Dinheiro
Scheffer e Schiffer demitem 140 funcionários em PG
Metalúrgicas ponta-grossenses fecharam postos de trabalho neste segundo semestre
Fernando Rogala | 25 de novembro de 2016 - 03:10
Duas indústrias ponta-grossenses do setor metalúrgico demitiram
cerca de 140 funcionários neste segundo semestre. De acordo com informações do Sindicato dos
Metalúrgicos de Ponta Grossa e região, a Scheffer Logística fechou 60 postos de
trabalho desde setembro; enquanto que a Schiffer um número ainda maior,
demitindo aproximadamente 80 funcionários. A alegação de ambas é a adequação do
quadro de funcionários diante de um momento de retração do mercado. São mais profissionais
na fila de desempregados neste fim de ano, de um setor que acumula cerca de
três mil demissões desde o início de 2015, segundo Mauro Cesar Carvalho,
presidente do Sindicato. Trata-se de uma retração de aproximadamente 30% do
estoque de trabalhadores no setor na região.
No caso da Scheffer, o representante do corpo jurídico da
empresa, o advogado Oseas Santos, reconhece as 60 demissões. “Foram 50 pessoas
na primeira e mais 10 agora. Isso ocorreu porque a empresa está fazendo o
enxugamento da máquina, pelas condições do país. A Scheffer trabalha mais com o
setor público, então, ante essas circunstâncias econômicas do país, há a
necessidade dessa enxugada, para uma tomada de fôlego, para vir, futuramente,
com carga total”, relatou. Segundo informações do sindicato, a empresa teria
feito um acordo com os funcionários demitidos em setembro, com o pagamento do ‘acerto’
em seis meses, mas a segunda parcela já estaria com algum atraso. “A empresa já
começou a regularizar e vai regularizar todos até o final deste mês”, garantiu Santos.
A redução no quadro de funcionários foi de 12%.
Das cerca de 80 pessoas demitidas pela Schiffer, que fabrica máquinas industriais, a maior parte delas deixou de trabalhar neste mês de novembro. Marco Cunha, consultor financeiro da empresa, afirmou não ter certeza quanto ao número exato de demissões, mas reconheceu um grande corte recente. “É uma readequação do quadro de funcionários para atender o mercado que se consegue trabalhar. A queda nas vendas é muito forte”, destaca. A empresa está avaliando a possibilidade de encerrar as atividades nas unidades da Avenida Ernesto Vilela, esquina com a rua Francisco Otaviano, e transferir os equipamentos e a produção desta para a unidade localizada na Avenida Souza Naves, onde fabrica implementos rodoviários.
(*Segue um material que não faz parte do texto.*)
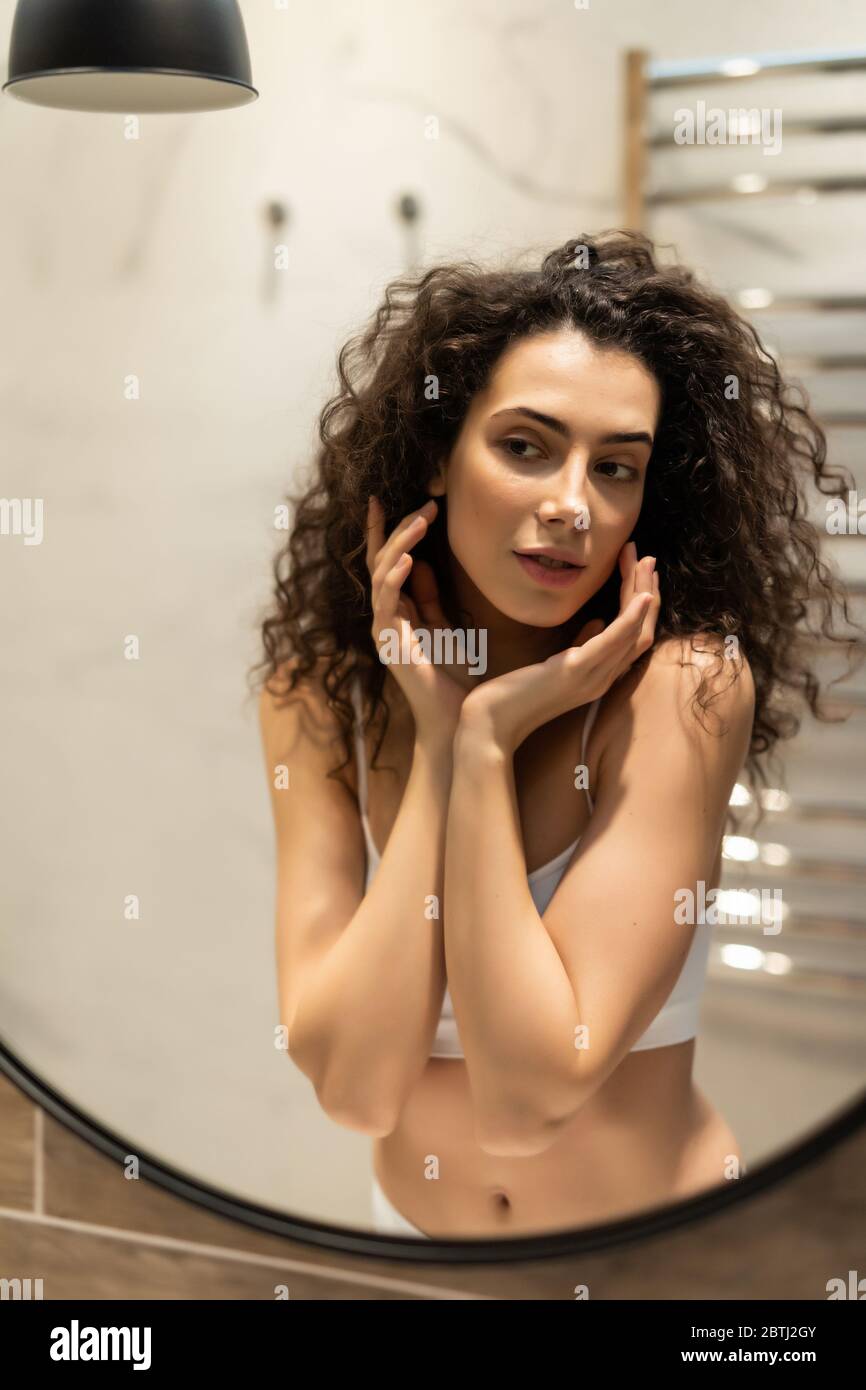 Woman looking on reflection in the mirror after shower Stock Photo Alamy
Setor segue em retração há um ano e meio
De acordo com o presidente do Sindicato dos Metalúrgicos, é uma situação delicada, principalmente por se tratar do fim do ano. Assim, ele afirma que o sindicato fará um acompanhamento dessa questão, para que os trabalhadores não saiam prejudicados. “O trabalhador não tem culpa dessa situação e o trabalhador merece ser respeitado e vai ter o seu direito preservado”, informa. Ele destaca que o número de demissões neste segmento é crescente. “No segmento de móveis de aço, a região sempre liderou na região Sul, com pequenas empresas com grande capacidade produtiva. Mas uma empresa que tinha 70 funcionários, hoje não passa de 20. Outra passou dois meses com os trabalhadores em casa”, relata, acreditando em uma retomada para 2017.